Report: Producer Scott Rudin Plans NYC Stage Return, Broadway Runs of Works From Samuel D. Hunter, David Hare, Bruce Norris, More | Playbill

Industry News Report: Producer Scott Rudin Plans NYC Stage Return, Broadway Runs of Works From Samuel D. Hunter, David Hare, Bruce Norris, More

The multiple Tony winner has been largely absent from the theatre world since reports emerged about his abusive behavior behind the scenes.

Scott Rudin Featureflash Photo Agency/Shutterstock.com

Tony-winning producer Scott Rudin is planning a return to the New York theatre world, according to a piece in The New York Times.

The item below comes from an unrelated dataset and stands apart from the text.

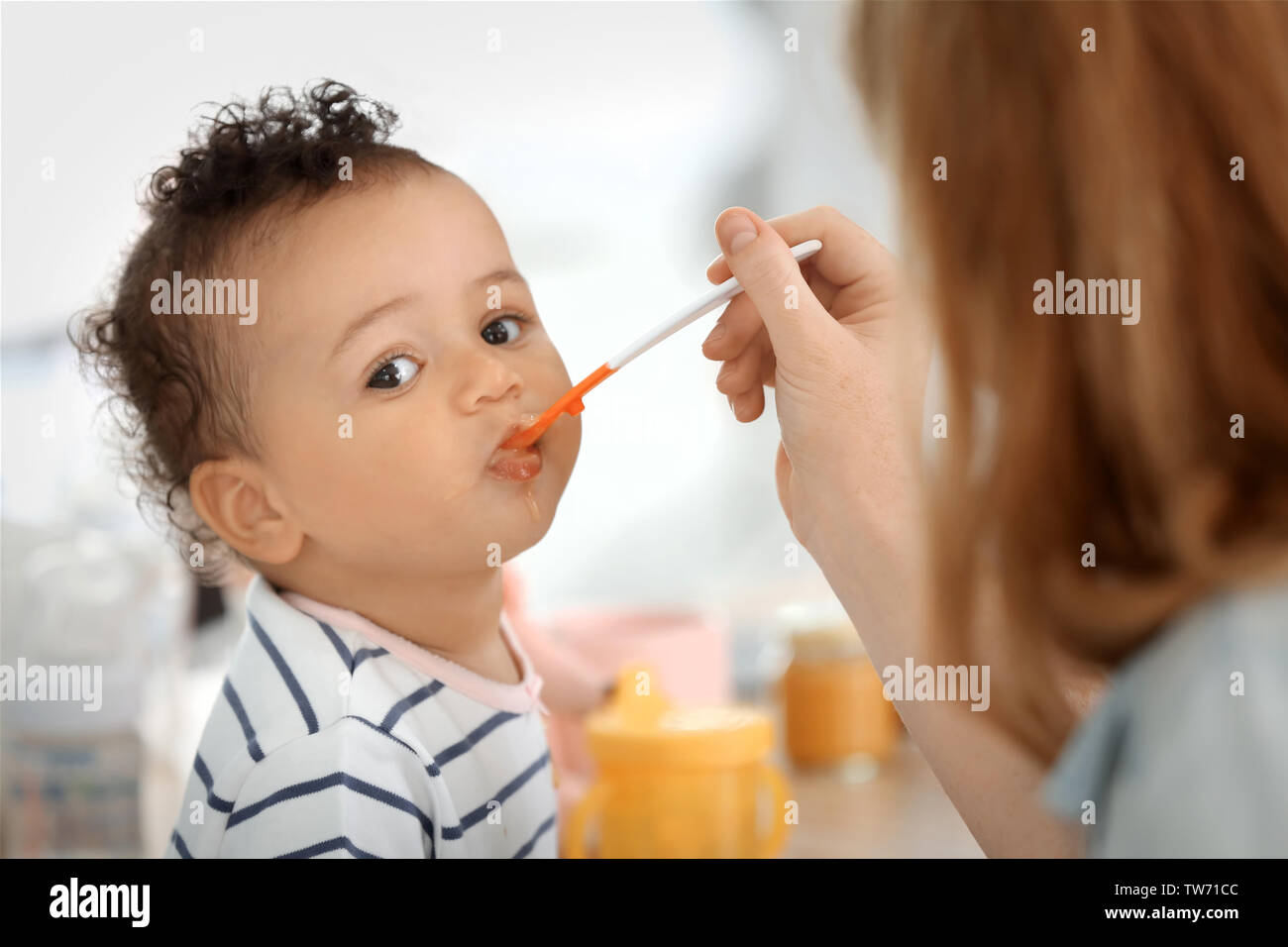 Black mother spoon feeding child hi-res stock photography and images - Alamy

Rudin has been largely absent from producing since reports emerged of his abusive behavior to subordinates behind the scenes.

Though such reports have been published periodically over his career, Rudin stepped away from his professional life following 2021 articles in The Hollywood Reporter and New York Magazine. Published in the wake of the #MeToo movement, both resulted in renewed calls for Rudin to be barred from the industry. Rudin ultimately announced that he would “step back” from Broadway productions and film projects and resign from The Broadway League, installing Kate Horton as executive producer of his then-developing Broadway revival of The Music Man. That revival would open at the Winter Garden Theatre in 2022 starring Hugh Jackman and Sutton Foster.

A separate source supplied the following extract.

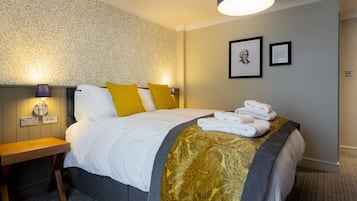 A neatly made bed with white linens and a gold-patterned throw, a wooden nightstand with a lamp, and a wall with framed artwork.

It remains unclear if Rudin has re-joined The Broadway League, which did not return the New York Times' request for comment.

Among the projects Rudin has in the works, according to the Times, are a Broadway run of Samuel D. Hunter's Little Bear Ridge Road this fall, which would follow its world premiere at Chicago's Steppenwolf Theater Company last year. The play would reportedly star Laurie Metcalf, a frequent Rudin collaborator, and be directed by Tony winner Joe Mantello (Here We AreWicked). In the spring, Rudin plans to bring a new play by David HareMontauk, to Broadway, also starring Metcalf and directed by Mantello. A revival of Arthur Miller's Death of a Salesman, starring Nathan Lane and Metcalf, is planned for the 2026-2027 Broadway season, also directed by Mantello.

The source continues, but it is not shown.